Element Type Default Description
connectionTimeout int 600000
(10 minutes)
Maximum time to wait (in ms) for establishing a connection to the remote server.
readTimeout int 600000
(10 minutes)
Maximum time to wait (in ms) for reading the entire content.
enableRedirects boolean true If true, then automatically detect when a URL is being redirected by the HTTP server and follow the redirect. I believe this only works for HTTP servers which provide a 3XX redirection response, i.e. I doubt it works for other kinds of JavaScript redirects. If this is set, the redirected URL
maxBytes int 10485760
(= 10mb)
Specifies the maximum number of bytes to read from the URL.
method String GET The method for posting CGI parameters to the remote server.

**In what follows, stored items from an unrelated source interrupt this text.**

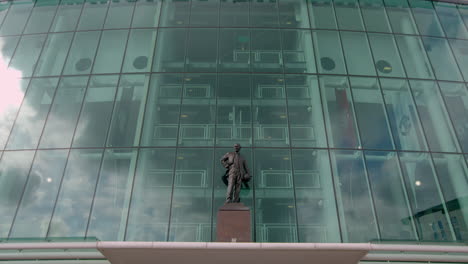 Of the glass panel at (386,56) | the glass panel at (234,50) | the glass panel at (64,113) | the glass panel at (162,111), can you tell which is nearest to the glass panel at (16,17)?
the glass panel at (64,113)

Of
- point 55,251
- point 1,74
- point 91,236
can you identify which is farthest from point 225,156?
point 1,74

Either POST or GET. This configuration element is ignored for non-HTTP connections. In the POST case, all query parameters will be detached from the URL and submitted as the request body.
metadataMap   see below Standard Metadata Mapper configuration. See below.


Metadata Mapper Configuration

The fetch URL stage contains a large number of additional metadata fields which can be mapped to fields in the AspireDocument XML.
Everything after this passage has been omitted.